* [Web page caption snippets]:
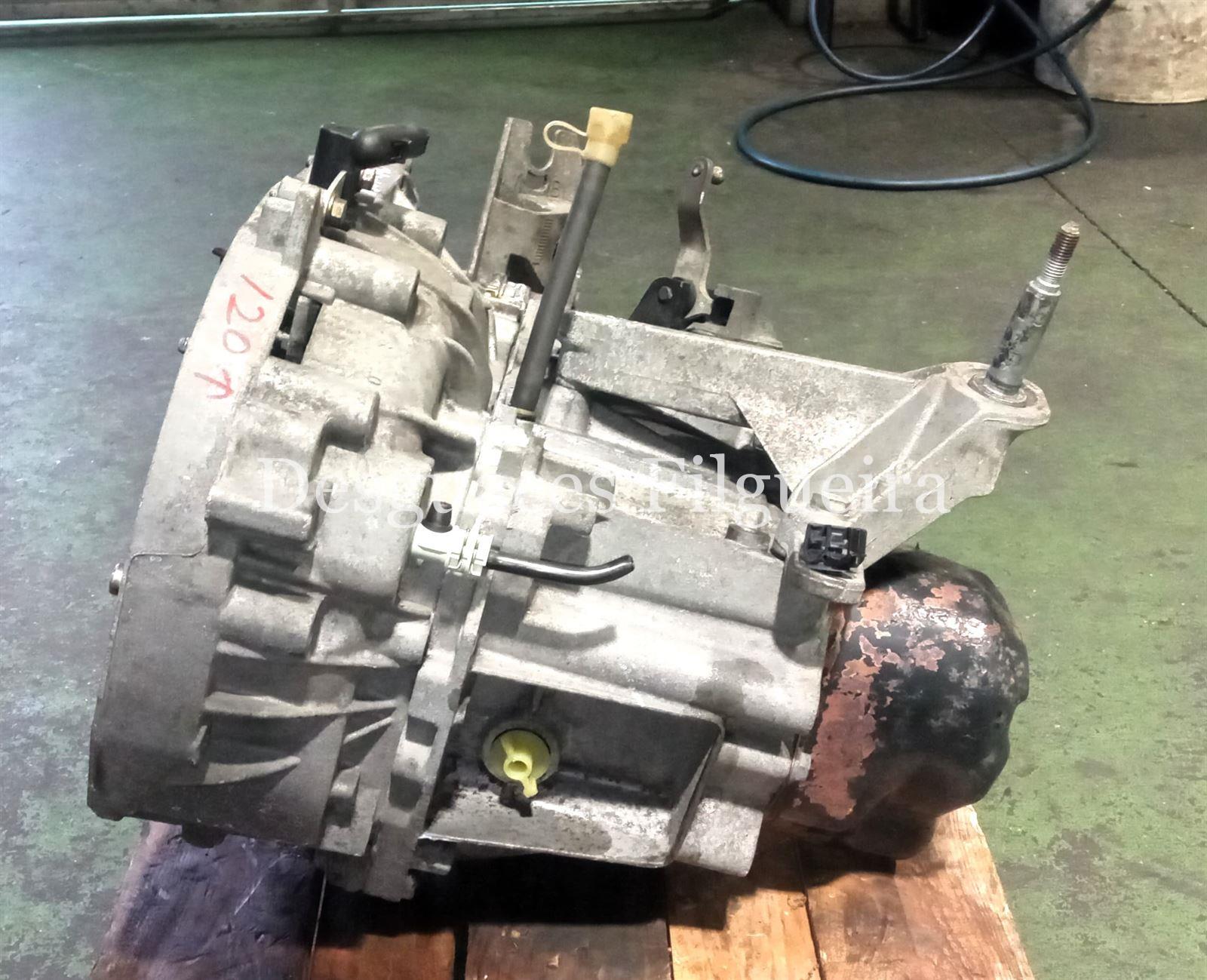 Caja de cambios manual de Renault Scenic II, 1.5 dCi, 83 cv, código de motor K9K 722, año 2003. - Imagen 3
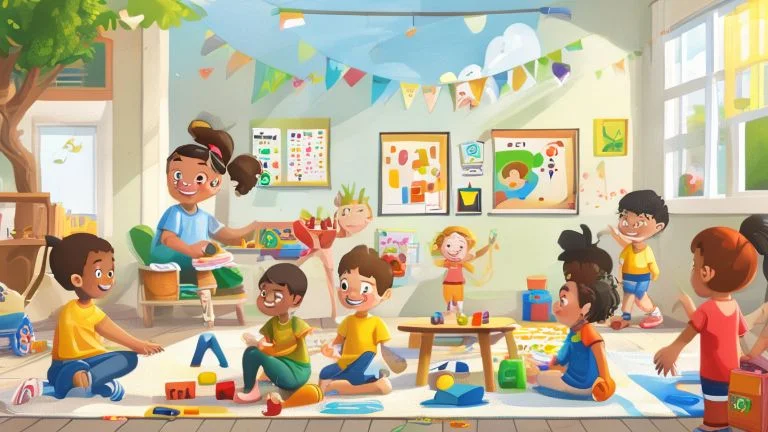 Brincadeiras e Rotina – Essenciais para o Crescimento Infantil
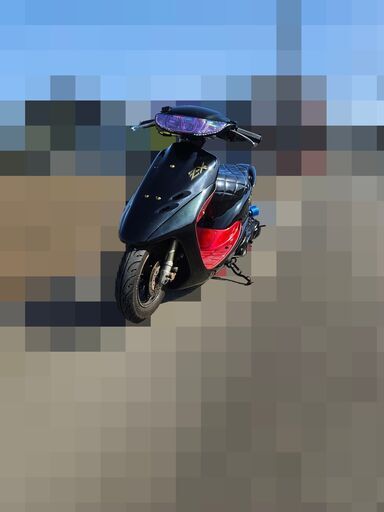 ライブディオ ZX 魔改造 100ccエンジン搭載 リーディオ (NikuQ3150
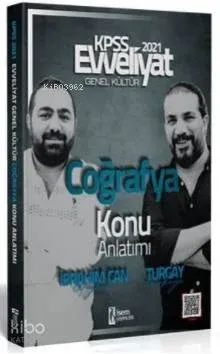 İsem 2021 Evveliyat KPSS Coğrafya Konu Anlatımı İsem Yayıncılık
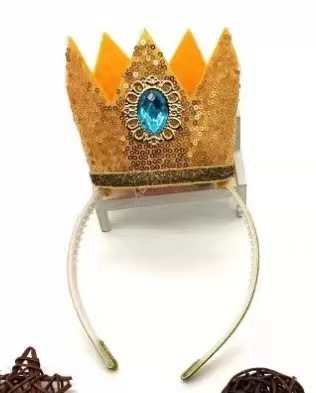 Nova tiara princeze Brigitte za djecu - cosplay dodatak za zabavu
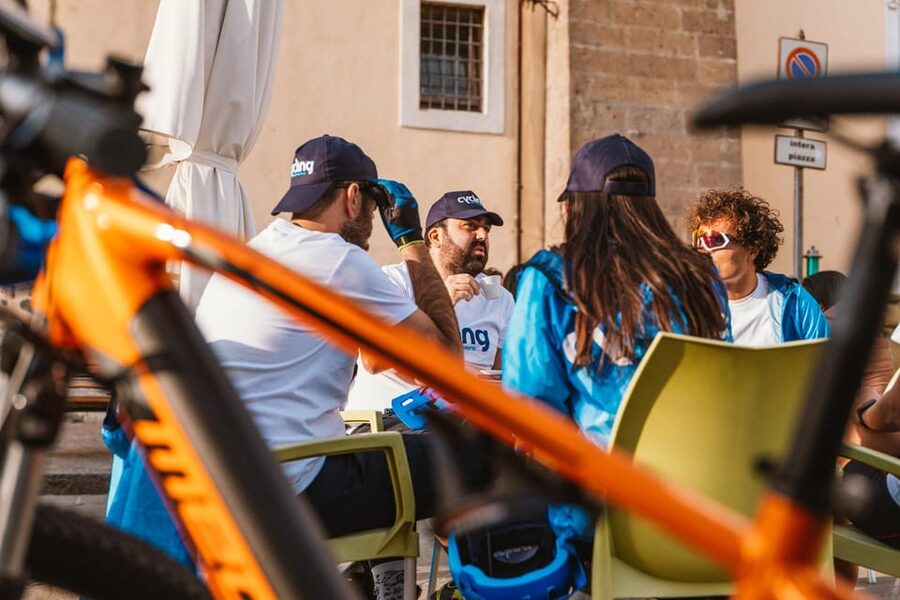 Sorrento: E-bike Oil & Lemon Tour with Tasting - The tasting stop that makes the tour worth it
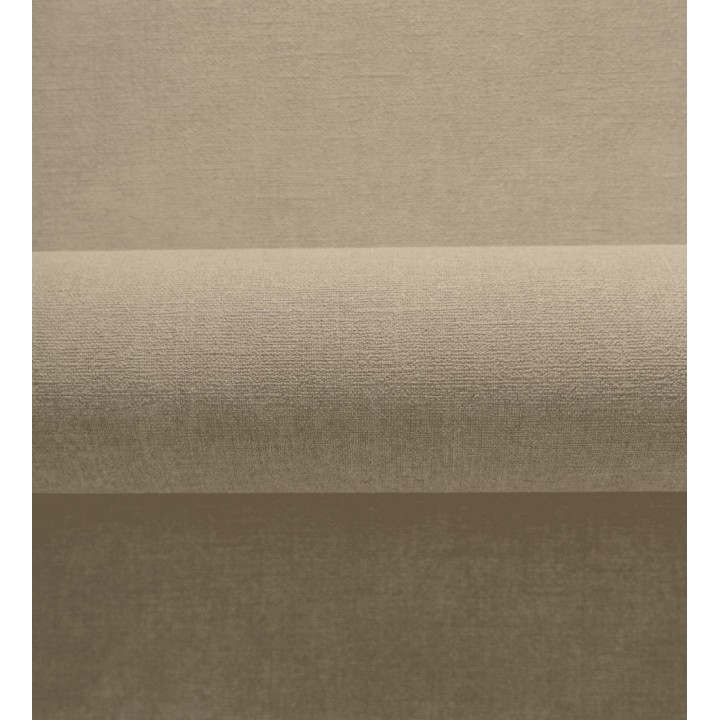 Papel pintado liso tonos tierra efecto textil hilos de lino y algodón - Raffton Linen 685344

* [The task]:
Omit every image. Quote each record exactly.

* [Solution for this problem]:
 Caja de cambios manual de Renault Scenic II, 1.5 dCi, 83 cv, código de motor K9K 722, año 2003. - Imagen 3
 Brincadeiras e Rotina – Essenciais para o Crescimento Infantil
 ライブディオ ZX 魔改造 100ccエンジン搭載 リーディオ (NikuQ3150
 İsem 2021 Evveliyat KPSS Coğrafya Konu Anlatımı İsem Yayıncılık
 Nova tiara princeze Brigitte za djecu - cosplay dodatak za zabavu
 Sorrento: E-bike Oil & Lemon Tour with Tasting - The tasting stop that makes the tour worth it
 Papel pintado liso tonos tierra efecto textil hilos de lino y algodón - Raffton Linen 685344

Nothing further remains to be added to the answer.